Recorded information —
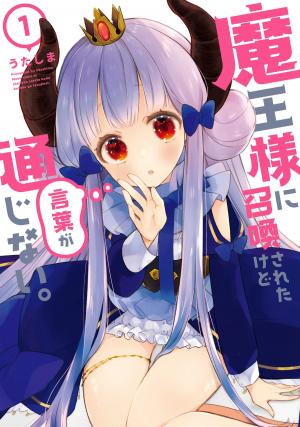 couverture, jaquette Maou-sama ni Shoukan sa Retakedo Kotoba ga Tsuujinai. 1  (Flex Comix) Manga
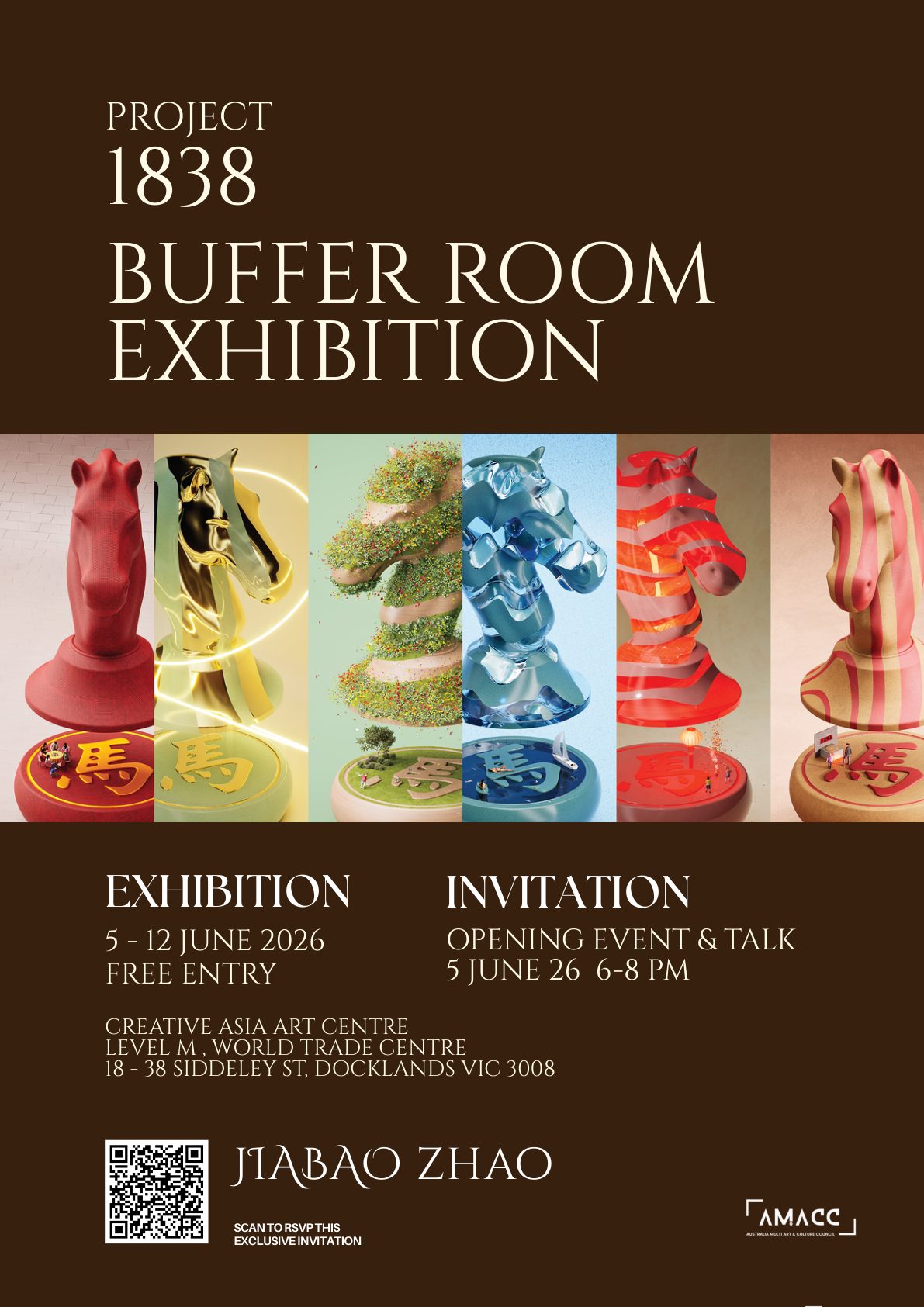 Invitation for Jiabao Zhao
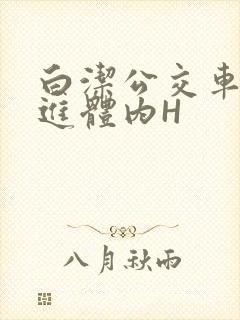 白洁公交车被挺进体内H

Task requirements — Omit every picture, then reproduce the rest of the listing exactly.

Solution for this task —
 couverture, jaquette Maou-sama ni Shoukan sa Retakedo Kotoba ga Tsuujinai. 1  (Flex Comix) Manga
 Invitation for Jiabao Zhao
 白洁公交车被挺进体内H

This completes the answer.